Thinking a little more, I think this is because of how the boot file of WinPE is working? Like it’s presenting the machine with the boot code the Secure boot is looking for. As for how FOG works: we boot to ipxe and boot using a more direct approach. (I could probably say the same for any PXEBoot process though?). The files just aren’t signed to enable booting, and so the machine does not allow it to boot.
Essentially, the imaging process itself should have no issues capturing/deploying the image with secure boot enabled, it’s the process to get to the point of capturing/deploying the image that has the problem with it.
To be honest? I don’t know that it doesn’t work that way. I just know what others on the forums have seen/heard/done.
@Tom-Elliott I guess the thing I don’t understand is why does WinPE always work, regardless of the model/manufacturer/etc.? Could FOG work similarly?
I know you probably are aware of what Secure boot is, but rather have me try to describe/define it I think this will help other’s understanding. Theoretically, hosts of the same make/model/motherboard, should not have different signatures.

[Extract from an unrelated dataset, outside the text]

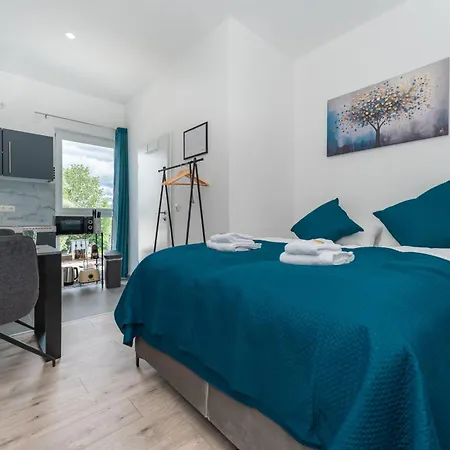 Lit Living - Fully Equipped - Box Spring - Parking - Business & Longstay *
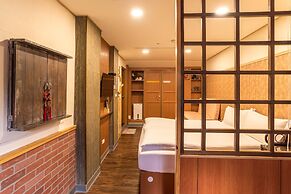 Qu Hi Home Stay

The reason secure boot can be problematic, however, is it doesn’t allow removal of the bootloader (which is stored on hdd) as directed by the NVRAM. Seeing as how fog operates, we delete the bootloader information from the disk and reapply via the imaging process. In the case of upload, however, secure boot “might” be possible. Just Deploy’s would run into issues I would think. I’m not an expert though so I could just be whistling dixie.
Just curious: why does the signature assigned to the boot files change for each host? I may not even be fully understanding what that means, though.
I haven’t tested if leaving secure boot enabled works. I suspect it doesn’t as the signature assigned to the boot files would be changed for each host. Of course, if all hosts are using the same signature defined, then it should enable this portion to work untouched.